Before addressing the complex jurisdictional issues raised by this case, we think it helpful to summarize our understanding of the unique structure that is Lloyd’s of Lon-

[929]*929don. Lloyd’s began as a coffee house but has developed into one of the world’s leading markets for insurance. See Godfrey Hodgson, Lloyd’s of London 49-75 (1984). This market, however, operates in accordance with age-old customs that are, to say the least, unusual in American business law.
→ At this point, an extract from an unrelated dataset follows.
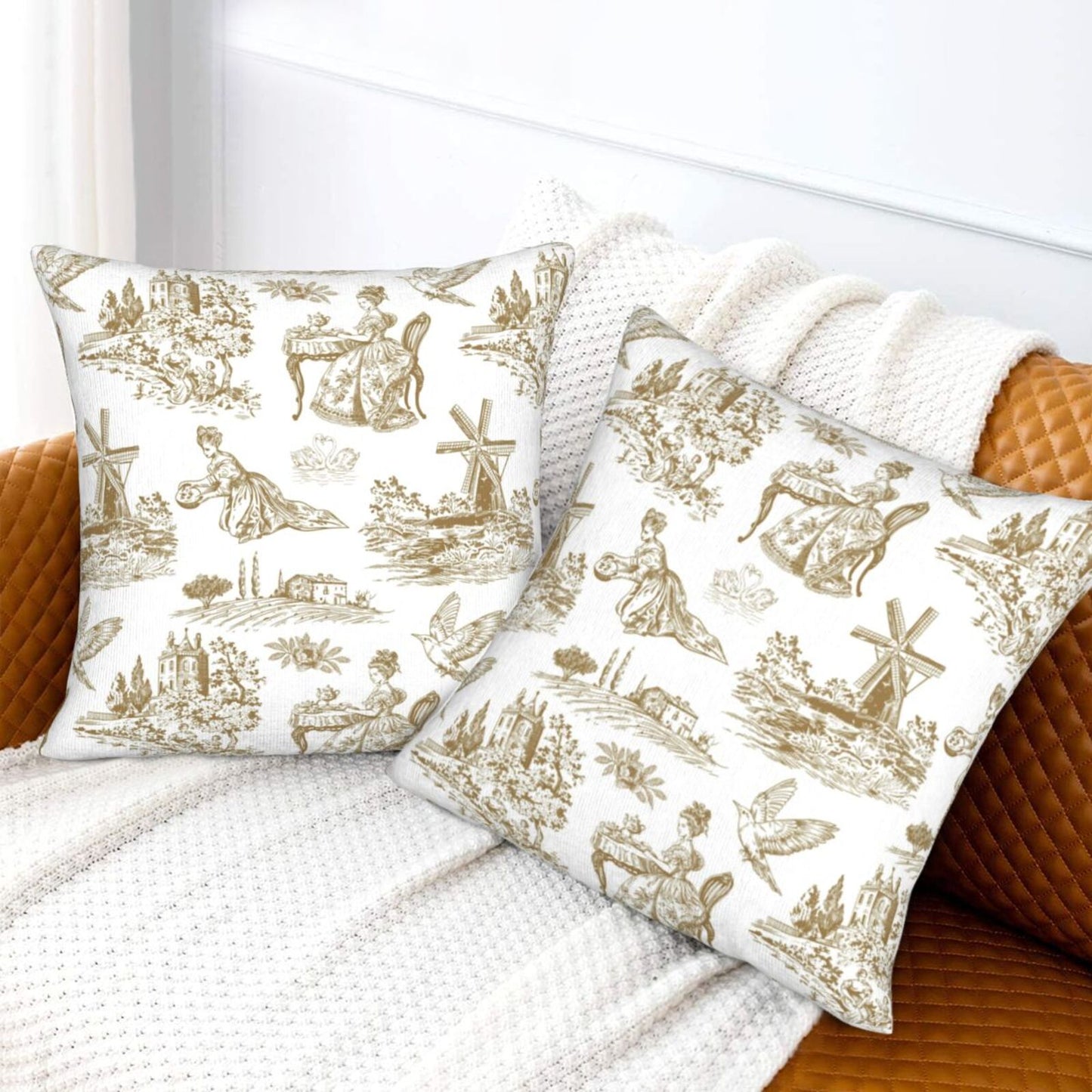 Farmhouse Toile Throw Pillow Covers | French Country Velvet Decorative Cushion Covers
The anonymous underwriters of Lloyd’s insurance, who are commonly referred to as “Names,” invest in a percentage of the policy risk. While the rewards of a Lloyd’s investment can be great, each Lloyd’s Name is exposed to unlimited liability, but only for his or her share of the loss on a policy that the Name has underwritten. In other words, the liability of each Name on any given policy, while unlimited, is several and not joint. Insurance from Lloyd’s is typically subscribed to by hundreds of Names belonging to different subgroups known as “syndicates.” Although syndicates within the Lloyd’s market negotiate with each other to spread insurance risk, the syndicates themselves have been said to have no independent legal identity. See The Society of Lloyd’s v. Clementson, [1996] 5 Re. L.R. 215.
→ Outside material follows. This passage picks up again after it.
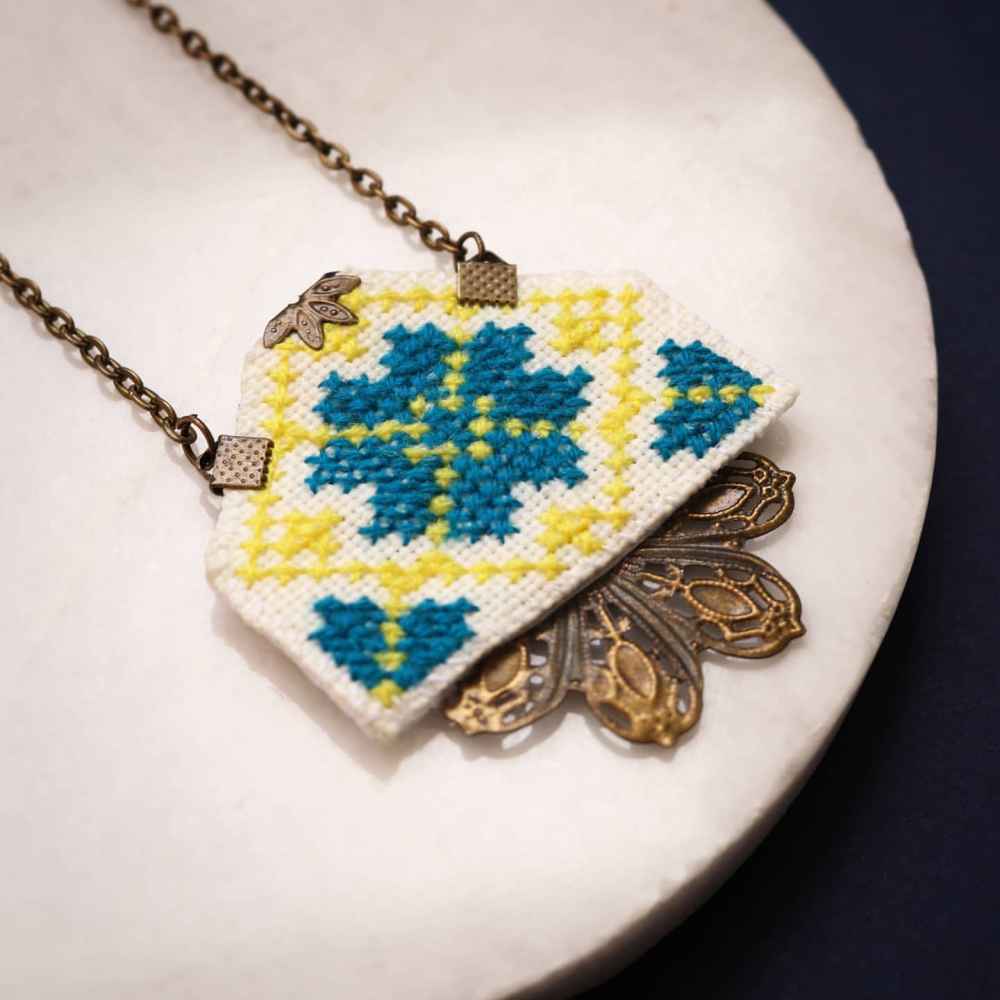 Price and Buy Persian Embroidered Necklace, Bracelet & Earrings Set Lemon - Image 3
The syndicate Names do not manage their own investments. Instead, each syndicate appoints one of its Names (who is usually an insurance broker) to represent the collective interests of the Names in that syndicate. This person is known as the “lead underwriter.” The typical Lloyd’s policy contains a clause providing that “any [Name] can appear as representative of all [Names].” In practice, however, since many Names from various syndicates are usually involved in any particular policy, the lead underwriter from one of the underwriting syndicates is designated as the representative of all the Names in any of the relevant syndicates, and he is the only Name disclosed on a policy.
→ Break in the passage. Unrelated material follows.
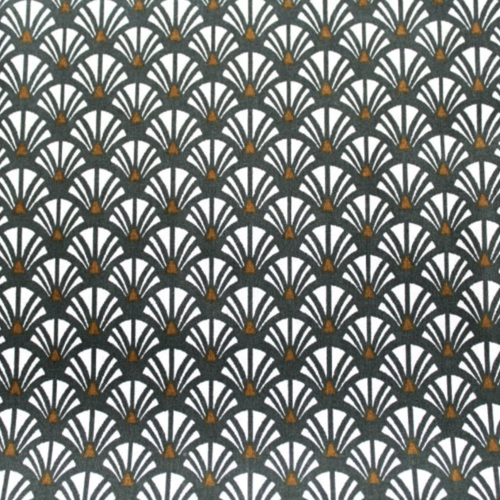 Tissu éventails vert et blanc 52x73 cm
When litigation over a Lloyd’s policy occurs, only one Name (the lead underwriter disclosed on the policy) is ordinarily sued. Nevertheless, all the Names subscribing to that policy are liable for their several shares of any adverse judgment against the Lloyd’s underwriters. This is because the standard Lloyd’s policy running between the insured and each Name states “that in any suit instituted against any one of [the Names] upon this contract, [all the Names] will abide by the final decision of such Court or of any Appellate Court in the event of an appeal.” Each Name is, therefore, bound by contract with the insured to adhere to the decision reached in the suit.7

DISCUSSION

I

Since “subject matter jurisdiction is an unwaivable sine qua non for the exercise of federal judicial power,” Curley v. Brignoli, Curley & Roberts Assocs., 915 F.2d 81, 83 (2d Cir.1990), we must consider whether there is diversity jurisdiction in this action, even though the parties have assumed for the past sixteen years that they had a right to be in federal court, and desperately — vehemently even — want the court to find that jurisdiction exists. We understand and fully sympathize with that desire. Sixteen years is a long time. And there is no suggestion that the parties engaged in any collusion or misbehavior to create federal jurisdiction when this suit was originally brought. It would, therefore, be most unfortunate if, in the end, it were necessary for us to hold that no federal jurisdiction existed and that the parties had to start all over again in state court.

Having said that, we must nevertheless recognize that jurisdiction is not a game. As the Supreme Court has made abundantly clear, it is one of the fundamental tenets of our Constitution that only some eases may be brought in federal court. See Healy v. Ratio, 292 U.S. 263, 270, 54 S.Ct. 700, 78 L.Ed.